I have generally supported current US policy in many parts of the Middle East, but in Syria the problem is discerning what that policy is. We're against ISIS. We're against Asad, though he's also against ISIS. We like the Free Syrian Army but not Jabhat al-Nusra, though they support each other. We generally like the Syrian Kurds but our NATO ally Turkey doesn't, Some of them are coordinating tactics against ISIS with Asad; others are fighting him. I'm oversimplifying, of course. But we are seeing several layers of progress by regime and regime-allied forces. Rebel supply lines north to Turkey have been cut, and the pincers are closing around Aleppo. Some pro-Russian, pro-Asad reports suggest only a few hundred meters may remain before the pincers lose. Even if that is an exaggeration, it is clear that Aleppo will soon be surrounded. A city already largely under siege of years is soon to be cut off entirely. Besides the closing pincers around Aleppo itself, all of Idlib province is also largely cut off from most supplies, including food.

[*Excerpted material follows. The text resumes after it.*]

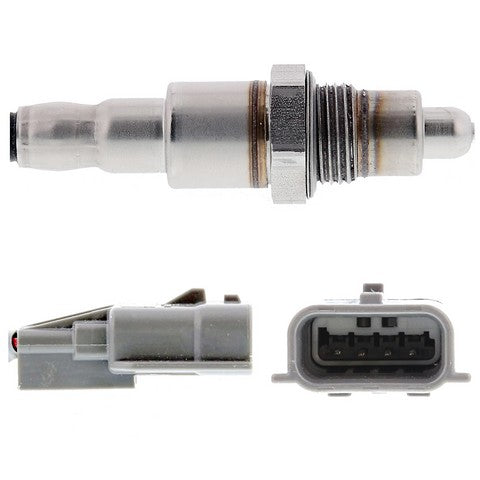 DENSO Auto Parts Oxygen Sensor P/N:234-4985 Fits: Infiniti Qx60 19-15, Nissan Altima 18-15, Nissan Juke 17-15, Nissan Maxima 20-16, Nissan Murano 20-15, Nissan Pathfinder 19-15, Nissan Quest 17-15, Nissan Rogue 19-17 - Image 3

It's said that in Aleppo itself 300,000 people could find themselves trapped with no means of exit.
In military history, one of the goals of strategic planners has always been to achieve a double envelopment of the enemy in which he has no means of escape. From Cannae to Stalingrad, it has been a means to decisive victory, but when a major city is surrounded and besieged, it is not just enemy soldiers but innocent civilians who will be destroyed.
The German theorists of war called the battle that results from a double envelopment a Kesselschlacht, a "cauldron battle" in which the surrounded forces (and civilians) have no outlet. And that's what appears to be coming.